Nine members of the public spoke during the hearing, largely questioning whether repeated rate increases are necessary, as well as questioning the salaries of some water district staff. A total of 38 protest letters were also received by the water district from ratepayers.
In a presentation during the hearing, district staff said the increase wasnecessary to avoid debt and provide for replacement of aging water mains and meters, as well as expand the district’s groundwater well systems.
The board ultimately voted 2-0 in favor of approving the rate increase, as well as an increase to service fees. Beginning in 2020, bi-monthly, fixed service charge fees will rise to $87.29 for a typical 1-inch residential meter, with water usage charges rising about 11 cents to $1.18 per unit.
“I see this as intentional planning so that we do not face large issues that are going to burden future generations with huge costs,” said Board Chairman Ray Riehle prior to casting his vote. “We’re at a point where we can make incremental and modest increases in what we pay — what I pay, what every member of our district pays — in order to prevent us from being backed into a corner and having to debt finance or having a disaster that is going to create serious problems for future generations.”

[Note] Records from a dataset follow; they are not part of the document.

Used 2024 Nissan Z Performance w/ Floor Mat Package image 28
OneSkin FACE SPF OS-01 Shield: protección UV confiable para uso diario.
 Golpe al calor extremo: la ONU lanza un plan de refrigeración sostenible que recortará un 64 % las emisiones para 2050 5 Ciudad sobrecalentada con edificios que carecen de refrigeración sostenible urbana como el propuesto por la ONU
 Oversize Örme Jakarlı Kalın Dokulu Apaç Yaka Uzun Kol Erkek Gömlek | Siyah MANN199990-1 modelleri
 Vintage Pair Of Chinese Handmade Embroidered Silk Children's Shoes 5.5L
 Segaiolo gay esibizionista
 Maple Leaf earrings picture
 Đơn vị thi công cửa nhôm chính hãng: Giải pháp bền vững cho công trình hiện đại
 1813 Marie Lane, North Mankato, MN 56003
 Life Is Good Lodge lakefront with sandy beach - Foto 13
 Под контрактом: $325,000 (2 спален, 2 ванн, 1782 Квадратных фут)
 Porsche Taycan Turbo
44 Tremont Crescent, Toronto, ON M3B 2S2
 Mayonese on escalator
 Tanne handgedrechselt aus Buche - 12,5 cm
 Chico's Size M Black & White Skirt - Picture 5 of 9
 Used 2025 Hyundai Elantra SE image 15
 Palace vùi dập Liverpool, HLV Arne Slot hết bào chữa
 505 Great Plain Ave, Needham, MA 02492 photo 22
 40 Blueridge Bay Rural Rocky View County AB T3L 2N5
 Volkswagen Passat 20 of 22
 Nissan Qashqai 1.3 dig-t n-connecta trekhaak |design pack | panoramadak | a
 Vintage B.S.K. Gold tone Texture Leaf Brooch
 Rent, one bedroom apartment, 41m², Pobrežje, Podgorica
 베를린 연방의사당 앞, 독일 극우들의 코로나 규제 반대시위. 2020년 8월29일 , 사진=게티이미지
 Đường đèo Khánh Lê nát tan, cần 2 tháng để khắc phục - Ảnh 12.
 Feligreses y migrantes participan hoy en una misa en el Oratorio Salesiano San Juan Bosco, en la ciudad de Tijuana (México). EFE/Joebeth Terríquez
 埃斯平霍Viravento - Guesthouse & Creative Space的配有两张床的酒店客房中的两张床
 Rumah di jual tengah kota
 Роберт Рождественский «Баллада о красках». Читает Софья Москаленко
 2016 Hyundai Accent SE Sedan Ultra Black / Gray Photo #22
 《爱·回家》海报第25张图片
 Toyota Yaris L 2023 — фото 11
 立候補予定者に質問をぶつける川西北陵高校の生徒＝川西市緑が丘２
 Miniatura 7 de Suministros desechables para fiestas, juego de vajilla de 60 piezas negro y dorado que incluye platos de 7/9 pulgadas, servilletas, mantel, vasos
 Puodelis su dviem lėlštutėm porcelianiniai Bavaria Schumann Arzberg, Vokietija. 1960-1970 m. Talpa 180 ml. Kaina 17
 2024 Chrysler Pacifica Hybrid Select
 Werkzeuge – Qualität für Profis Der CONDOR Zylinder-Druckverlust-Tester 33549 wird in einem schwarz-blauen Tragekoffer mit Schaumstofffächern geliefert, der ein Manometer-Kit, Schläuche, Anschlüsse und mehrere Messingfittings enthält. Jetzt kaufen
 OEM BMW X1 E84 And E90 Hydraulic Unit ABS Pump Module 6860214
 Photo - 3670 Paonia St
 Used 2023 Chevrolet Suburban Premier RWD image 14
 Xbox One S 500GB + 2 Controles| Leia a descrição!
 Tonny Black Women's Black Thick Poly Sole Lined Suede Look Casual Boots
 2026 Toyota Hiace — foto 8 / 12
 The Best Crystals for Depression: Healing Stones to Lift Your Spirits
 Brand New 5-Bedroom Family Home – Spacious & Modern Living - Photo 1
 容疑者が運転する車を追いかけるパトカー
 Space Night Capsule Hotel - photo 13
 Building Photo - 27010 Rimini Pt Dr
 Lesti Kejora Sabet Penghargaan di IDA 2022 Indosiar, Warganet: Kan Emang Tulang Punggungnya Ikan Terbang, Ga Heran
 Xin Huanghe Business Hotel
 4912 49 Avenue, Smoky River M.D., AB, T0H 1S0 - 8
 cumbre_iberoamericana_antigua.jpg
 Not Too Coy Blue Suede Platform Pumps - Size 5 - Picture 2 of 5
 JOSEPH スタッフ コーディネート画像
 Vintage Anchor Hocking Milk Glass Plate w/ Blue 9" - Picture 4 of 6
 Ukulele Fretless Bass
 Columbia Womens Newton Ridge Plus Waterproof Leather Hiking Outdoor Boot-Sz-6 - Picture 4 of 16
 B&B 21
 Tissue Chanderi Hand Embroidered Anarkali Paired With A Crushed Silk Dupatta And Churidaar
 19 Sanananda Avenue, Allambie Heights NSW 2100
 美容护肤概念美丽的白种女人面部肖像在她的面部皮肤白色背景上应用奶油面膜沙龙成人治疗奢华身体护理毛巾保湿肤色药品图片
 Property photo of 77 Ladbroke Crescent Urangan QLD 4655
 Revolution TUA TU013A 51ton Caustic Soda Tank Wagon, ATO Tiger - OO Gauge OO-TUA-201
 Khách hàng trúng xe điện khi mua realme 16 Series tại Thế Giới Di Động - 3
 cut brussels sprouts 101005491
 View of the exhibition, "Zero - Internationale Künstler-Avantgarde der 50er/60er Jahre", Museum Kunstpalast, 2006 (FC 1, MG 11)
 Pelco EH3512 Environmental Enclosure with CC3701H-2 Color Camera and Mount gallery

Riehle was joined by board member David Wheaton, who also supported the increase. The third member of the board, Caryl Sheehan, was absent from the meeting.
Wheaton said he was comfortable with the increase, “only because either you pay now or you pay later, and the cost later is much higher.” He also spoke in support of a pay-as-you-go approach to infrastructure replacement and called debt financing “a horrible, horrible, horrible decision that I would not want to make and I would not vote for only because I know that you end up paying twice or three times as much as the original monies.”
The district will also soon vote on whether to adopt a recommendation from its Customer Advisory Committee, which has proposed adding a new 5.5% surcharge to water bills beginning next year to help cover the projected $390 million cost of replacing the majority of the 200-plus miles of water mains that were installed in the 1960s to 1980s. The project, known as Project 2030, includes a recommendation for debt financing.